El elemento inquisitorial se reconoce en la afirmación misma del secreto, lo reprimido, la deflación de la moral religión, la condena, la negación al derecho de opinar esto es, la prohibición de la doxa contraria a lo establecido por aquellos poderes que han determinado al comisionado a sufrir desde y en su propio criterio. El comisionado es ya un ente en reclusión, ha sido tachado por el obispo y este a su vez por las fuerzas ocultas de la razón eclesial. El muchacho en un acto imaginal inventado por el novelista debe privar al comisionado de la visión, debe coserle los ojos.

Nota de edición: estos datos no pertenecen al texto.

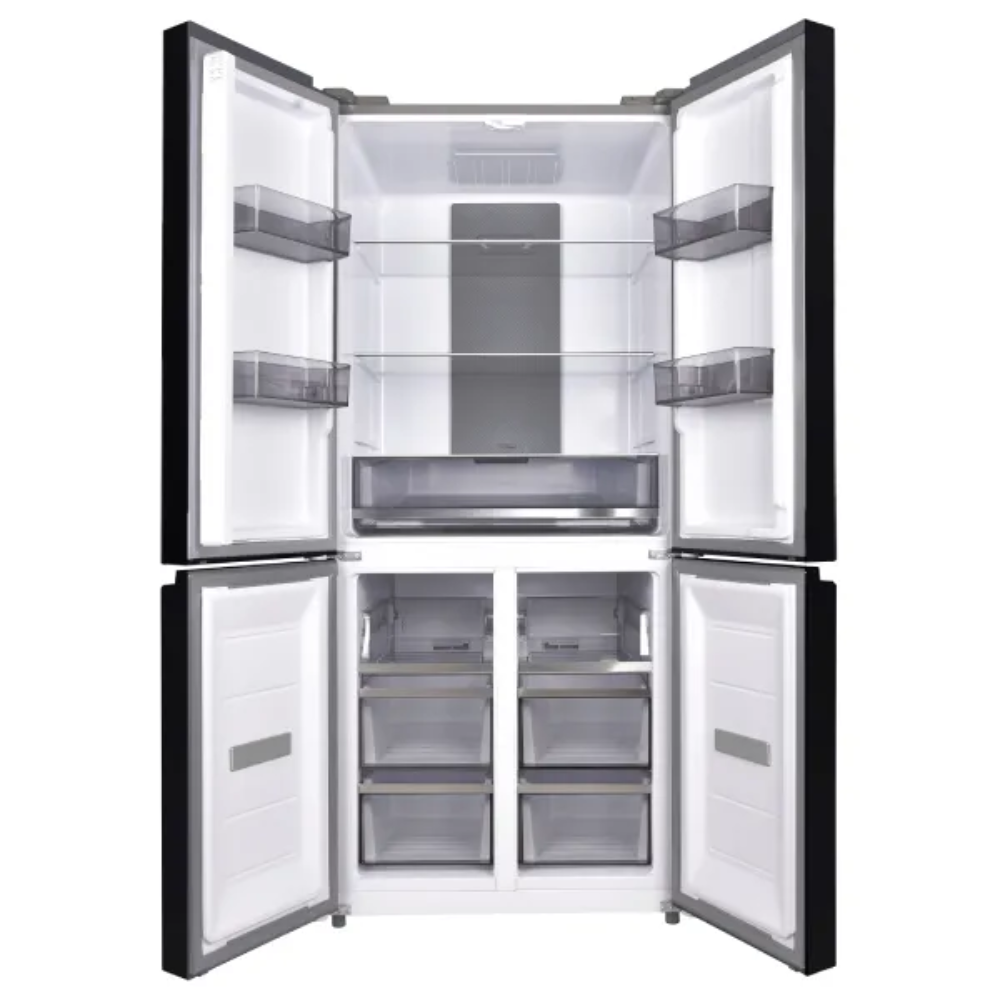 מקרר 4 דלתות 539 ליטר דגם FJ-NF600BK פוג'יקום FUJICOM זכוכית שחורה - יבואן רשמי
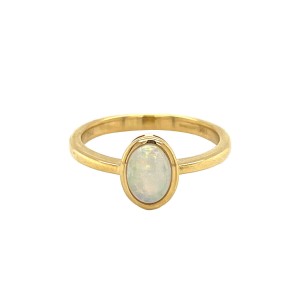 Oval Opal Solitaire Ring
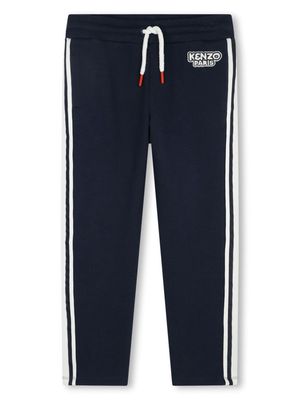 Kenzo Kids logo-patch checked trousers - Blue
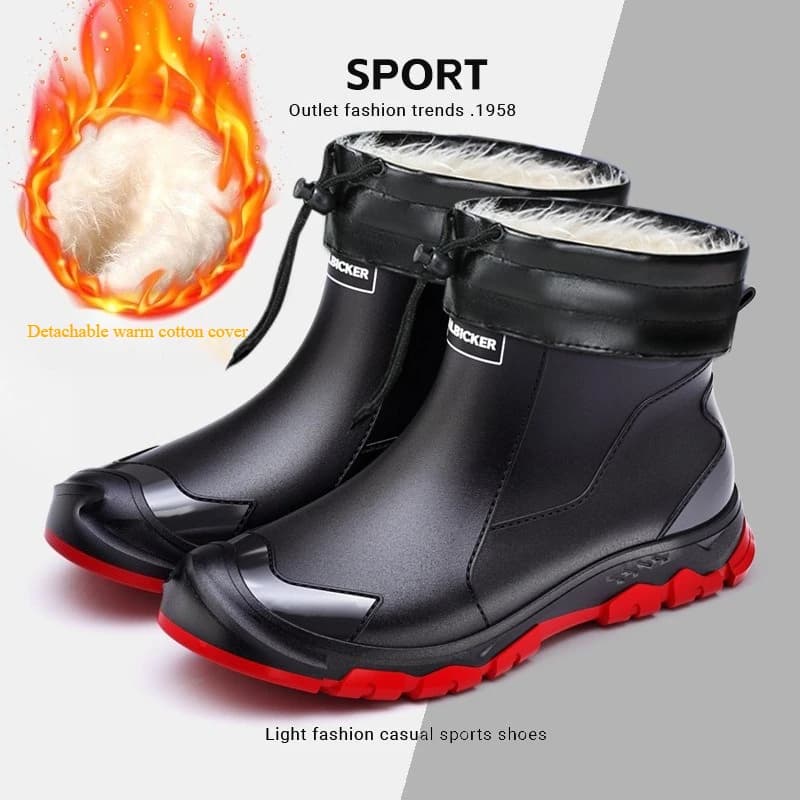 Bottes de pluie homme imperméables doublées polaire pour pêche hivernale et travaux extérieurs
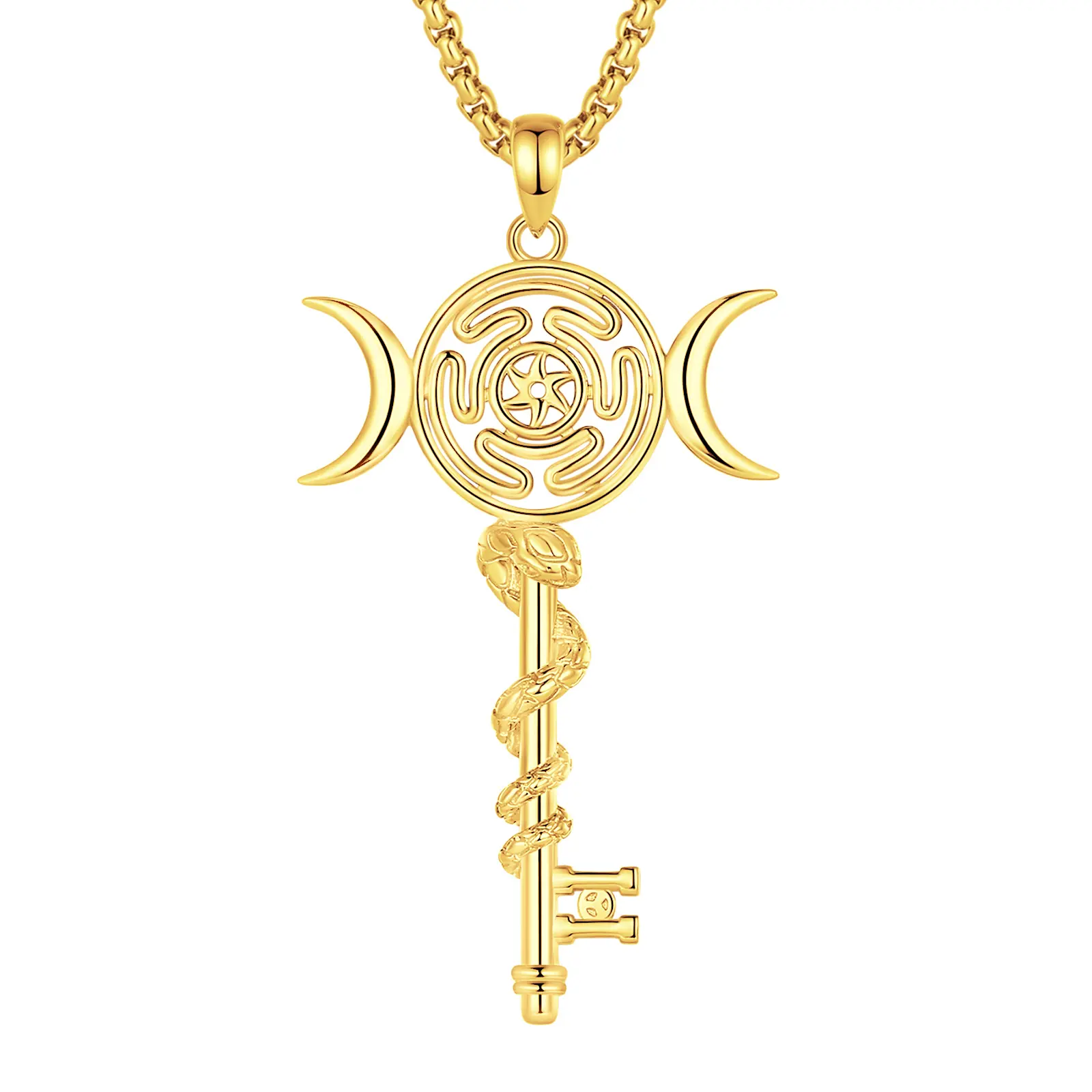 Gold Triple Moon Hecate Key Snake Symbol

“Tus ojos no volverán a ver las sombras tenebrosas del dolor, ni verán la amargura de los días, ni el celaje del miedo que ensombrece los llanos y las ciudades. Tus ojos serán reliquias consagradas a Dios hasta el primer día del gran juicio”, corría la voz del muchacho por los resquicios. Una sutil transparencia se apoderó de él y desapareció del salón sin que el torturado lo notara. Este alzó la cabeza con mucha dificultad y buscó al desaparecido por todas partes. Inquieto y asustado, dejó caer de golpe el cráneo en el mármol y dijo para sí: “ Fractura por fractura, ojo por ojo, diente por diente, herida por herida, odio por odio, rabia por rabia: quien matare a un hombre, será muerto". Intento buscar al muchacho con la mirada. Pero estaba demasiado aturdido y no pudo abrir los ojos. De todos modos de haber buscado no hubiera visto a nadie en aquel entorno de silencio tan parecido a la muerte. Y él, el hombre ha de imaginarse al lector que era el mismo comisionado-sacó fuerzas de abajo y entre regocijos y llanto, pegó un grito ensordecedor. “Mientras pueda subir a un púlpito, y mientras quede un hilo de aliento en mi alma lucharé a favor de los débiles – juró, pausó brevemente y añadió: Trataré con benevolencia al desvalido y al menesteroso, y sacaré al pobre de las garras del impío". (p.621)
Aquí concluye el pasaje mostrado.